Sales of Xbox 360 in the U.S. reached 241,000 units during the month of June, a 9 percent year-over-year increase -- but Microsoft's hoping the industry takes a macro view of the first six months of 2009.
"Our console sales for the first half of the year actually grew 20 percent from January to June versus the same six months last year," Microsoft's Xbox 360/Xbox Live group product manager Aaron Greenberg tells Gamasutra in an interview conducted alongside the June 2009 NPD results. "We're the only console that grew in the first half of the year."
For Microsoft, this means more than evading the "industry slump" created by the challenging comparisons to last year's summer blockbuster release months. According to Greenberg, this continued growth is evidence of the Xbox 360's market duration.
"I think what's interesting there is we were the first to market, so in many ways we're showing a lot of longevity," he says. And part of that, Greenberg claims, is attributable to the burgeoning online marketplace, which NPD numbers do not track.
"Xbox Live data is kind of this untold phenomenon," says Greenberg. "There are 20 million people there, but what are they doing? Are they buying more stuff?" This month, the company's got data to share: In the first half of the year, Greenberg says paid downloads increased 73 percent over the 12 months through June.
"That significantly outpaces what we saw in growth for console sales or software sales," says Greenberg. "It's continuing to become a bigger and bigger part of our business."

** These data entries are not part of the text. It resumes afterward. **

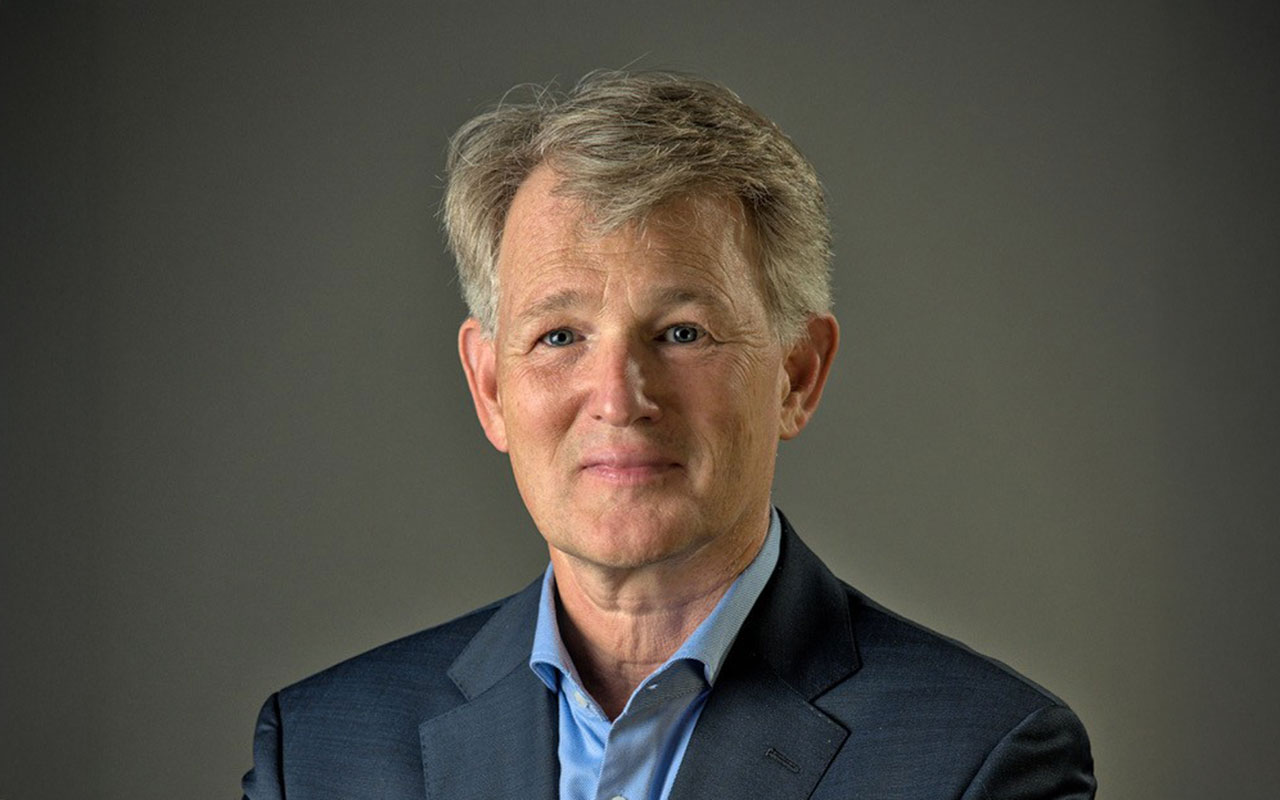 Alexander Parte: Psychoanalytische Perspektiven im Management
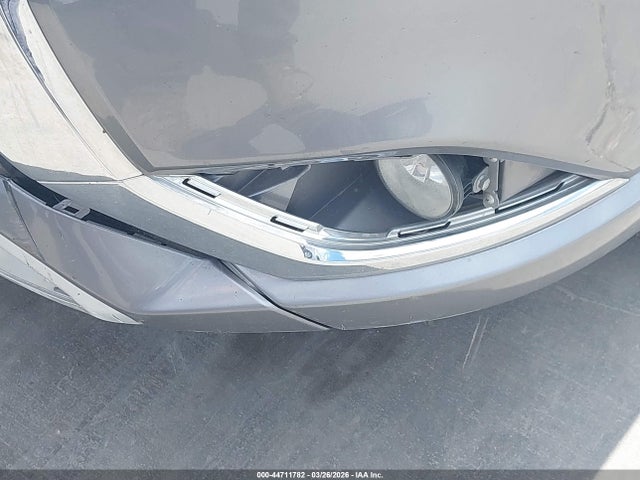 Aukcja sprzedaży 2022 Mitsubishi Outlander Phev Gt S-awc/le S-awc/sel S-awc, vin: JA4J2VA70NZ035593, numer aukcji: 44711782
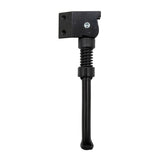 Caballete 145 mm ECOXTREM M41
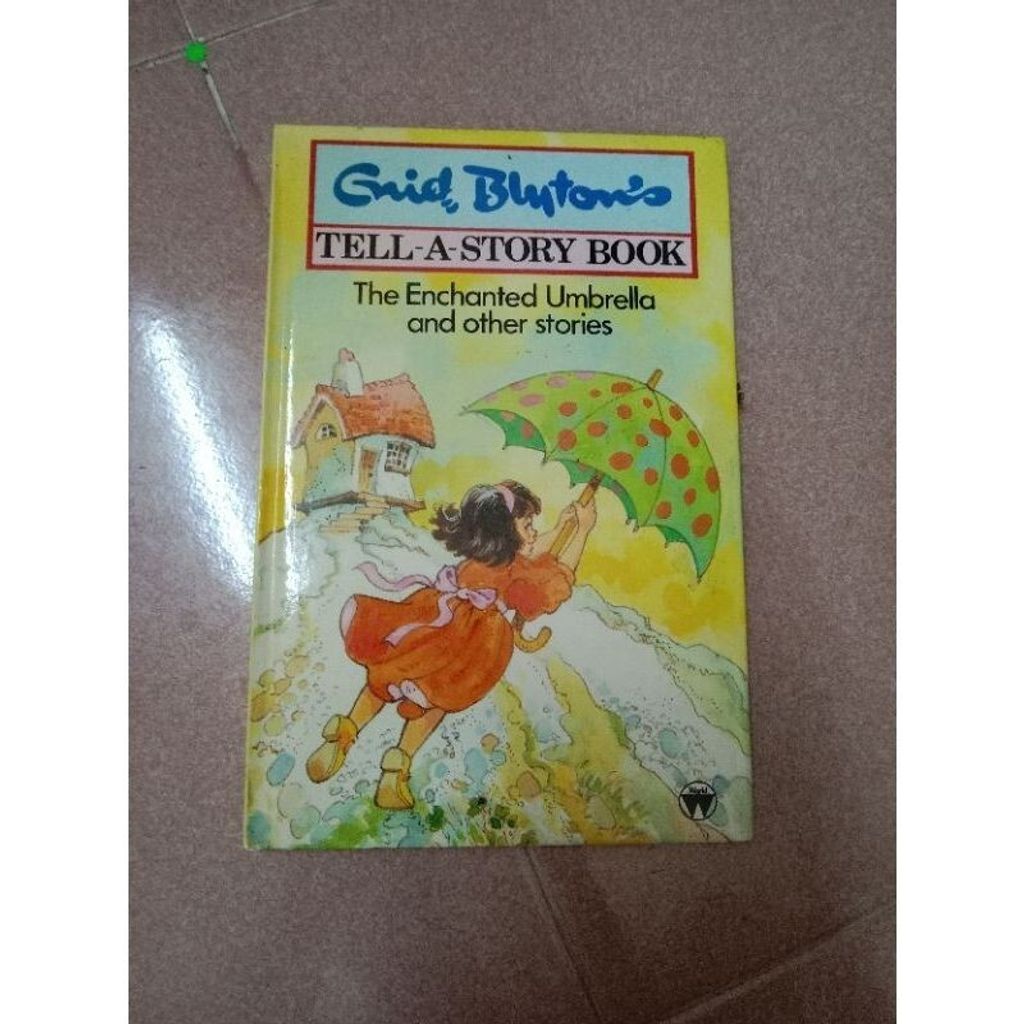 sg-11134201-7rene-m8xcv6lcdvjb45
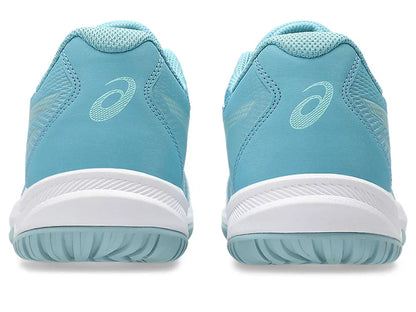 Asics Upcourt 6(STILL WATER OCEAN  DECAY)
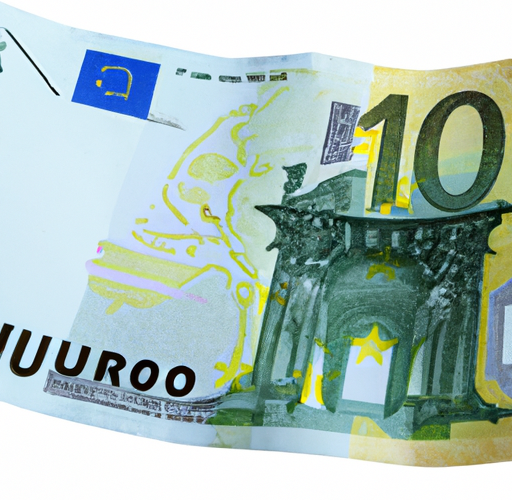 5 powodów dla których euro to najlepsza waluta dla Europy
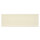 Arrowwraps | Design 801 - lumineux - Longueur: 8 pouces | 33mm - luminescent - Pack de 2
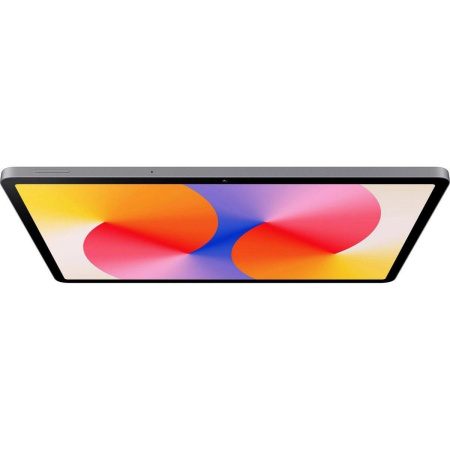 Планшет 11" HUAWEI MatePad SE 11 4+128Gb Wi-Fi серый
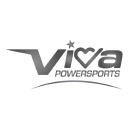 Dealer logo image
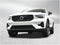 2026 Volvo XC40 B5 Ultra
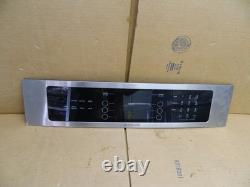 Jenn-Air Range Control Panel Ass. Part # 74008351 P67905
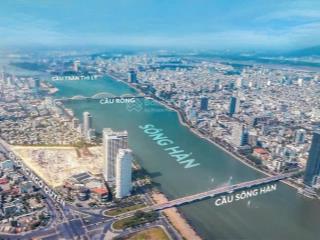 Căn hộ capital square căn 1pn tt chỉ 25% sở hữu ngay chiếc khấu lên đến 15%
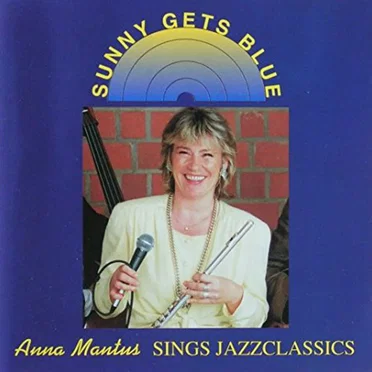 Sings Jazzclassics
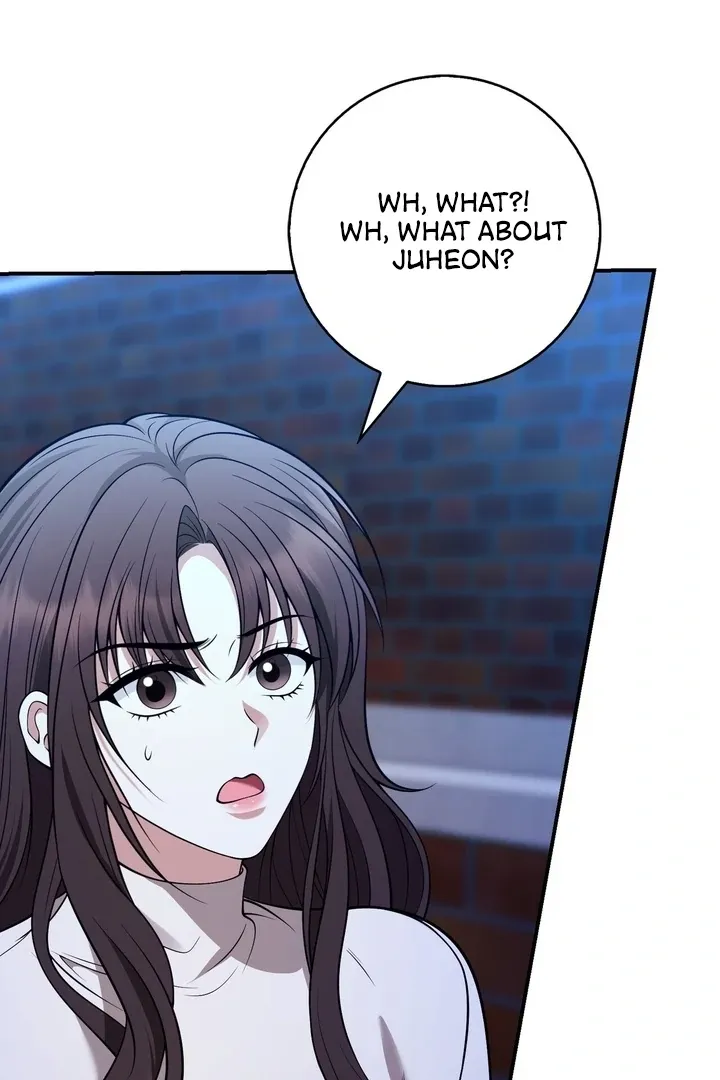 Black Fish Chapter 16 page 86 - 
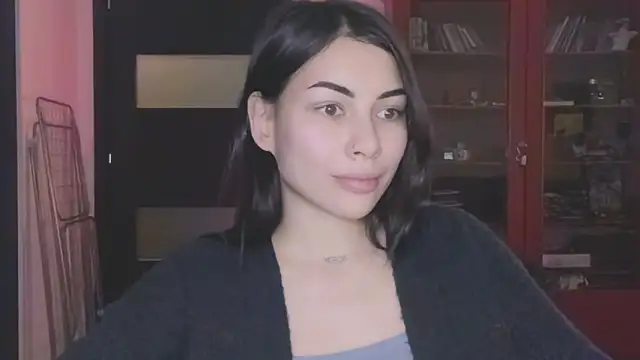 valorant girl online show from February 25, 5:30 pm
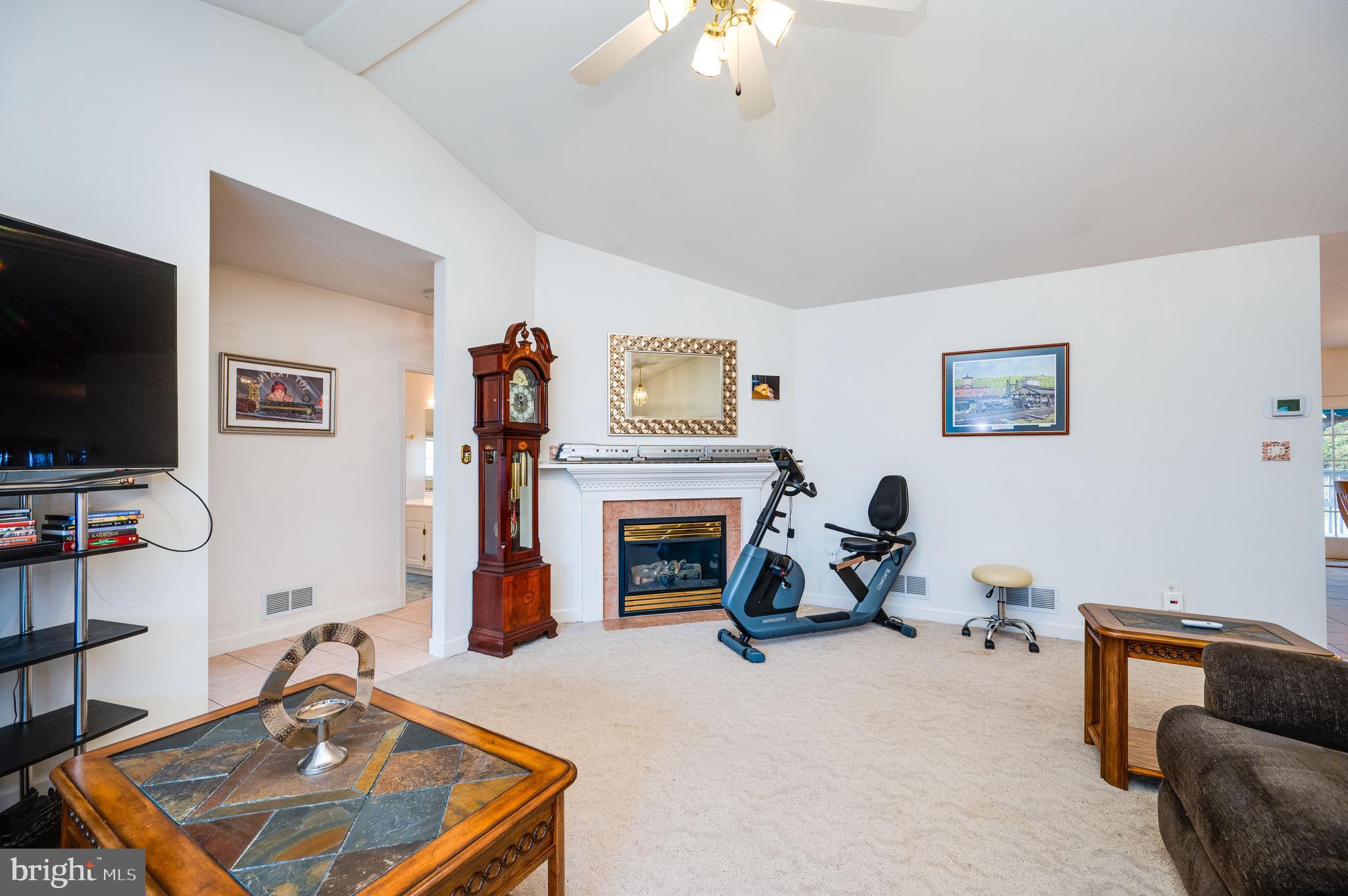 4143 HILL TERRACE DRIVE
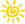 !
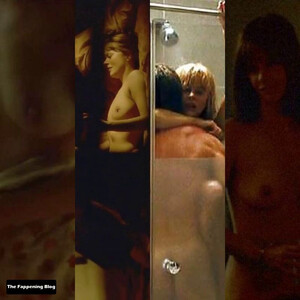 celeb nude Meg Ryan 001 pic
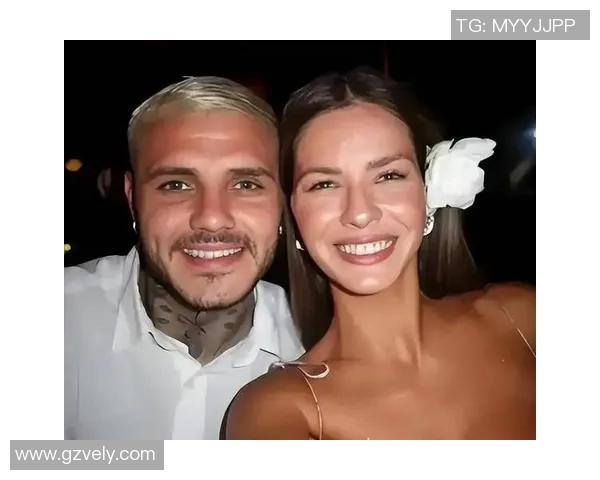 足球明星的另一面那些老婆不被看好的球星背后的真实故事 足球明星的另一面那些老婆不被看好的球星背后的真实故事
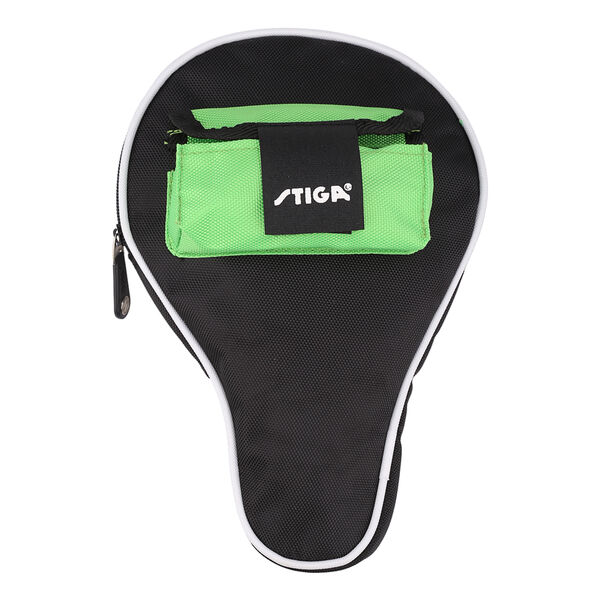 Funda Stiga Stripe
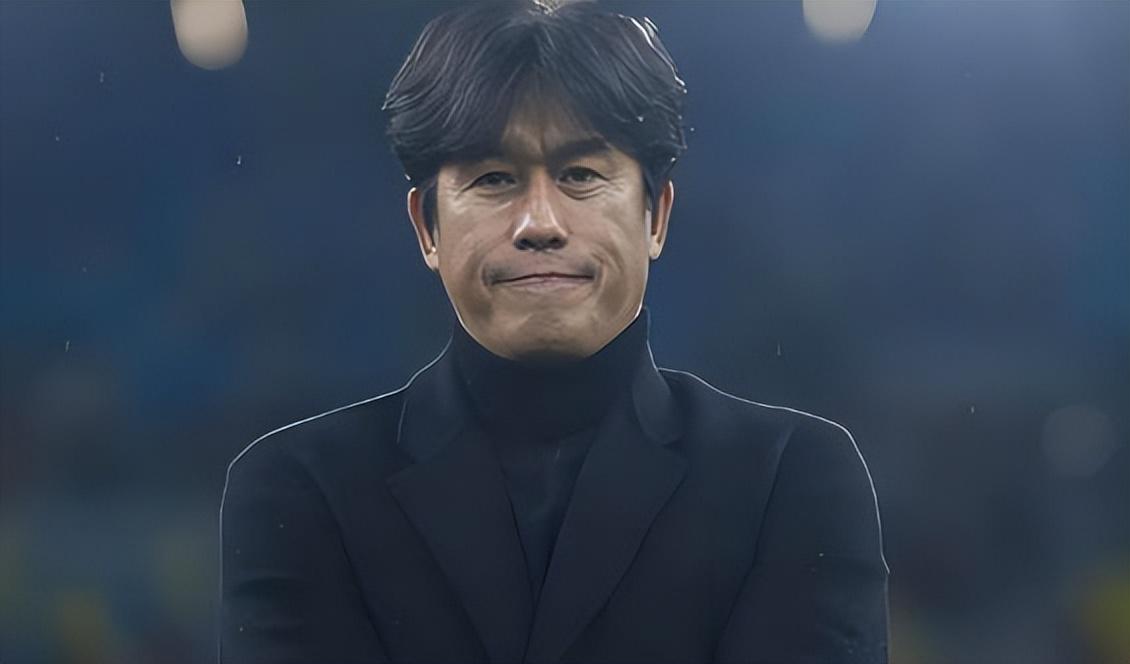 意外！成都蓉城坚持要送走的两位王牌，如今却被国安队当成宝引进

Alongside the growth of digital distribution in the games industry has come a focus on user statistics, which are often in danger of falling into a fuzzy math zone. Many online services post high numbers of accounts, but that sheds little light on their activity levels, what they're downloading and what they're spending.
But Microsoft's got a little data for that too: 17 million unique users out of Live's 20 million actives have downloaded content over Xbox Live, although the stats don't get more granular than that regarding their quantity and frequency. "Content" also includes the service's television and movie content, now totaling 12,000 movies and TV shows.
Having sold nearly 250,000 units in the U.S. in June 2009 despite the downturn -- significantly more than the PlayStation 3, but less than the Wii -- Microsoft is relatively happy with its growth at this stage of the console war. But this prompts the question: Just where in the present console cycle does the company feel we are?
"We believe we're less than halfway through this generation," says Greenberg. His stance is that now that price points for the platform are more affordable, adoption can accelerate -- but that the console's success is attributable to "the sum of the parts," and not only its price positioning.
Greenberg says audiences are excited about the software lineup demonstrated at E3. "Beyond that, Natal is really going to make the console much more accessible to a wider audience," he says. "We're focused on delivering new experiences, some this year and some beyond. Our belief is that we've got a long future ahead of us."
By expanding the user interface, Project Natal then becomes a major part of the console's next stage of growth. But with rival Sony preparing its own alternative control scheme, is there a race to market, and will it make a difference who hits first?
"I don't think so," says Greenberg. "I think they're pretty distinctly different. Everyone asked if we could do a motion controller -- that's something we could have easily done. But we really challenged the team to think beyond that."
The big idea behind Natal is "delivering these experiences that will allow us to appeal to a much broader audience -- people that are intimidated by the controller, and intimidated by video games," he says. "So it's an apples and oranges type of conversation."
But capturing the early adopters in the core market first, and then expanding outward to ever more mainstream audiences has always been part of the company's strategy, says Greenberg.
"We started in the inner circle, and we'll continue to deliver those core experiences... going after them first was important," he explains. "I think for Sony, what in many ways kind of threw them off that strategy was what happened with the PS2 and the DVD player phenomenon. They kind of expected that to happen with the PS3 and the Blu-ray."
Sony's current trend toward focusing somewhat more on the AAA gaming experience is "probably the right thing for them to do," says Greenberg. "For us, we're demonstrating there's an entirely new way to think about Xbox 360."
Calling focusing on core gamers "the easy stuff, and we'll do that," Greenberg asserts: "We're not just a game console anymore."
Heading into the holiday, Greenberg says he's confident about the lineup of games launching on Xbox 360, from exclusives including Forza 3, Halo: ODST and Splinter Cell: Conviction through desirable multiplatform titles like DJ Hero and Rock Band Beatles. Still, he says it's hard to say whether the economic challenges the industry's been facing will let up.
"We've kind of bucked the trend of the declining market," he says. "I hate to promise or speculate what the second half will be for us or for the market, but I think it will be tough comps for the entire industry, and we hope we can continue to buck that trend, too."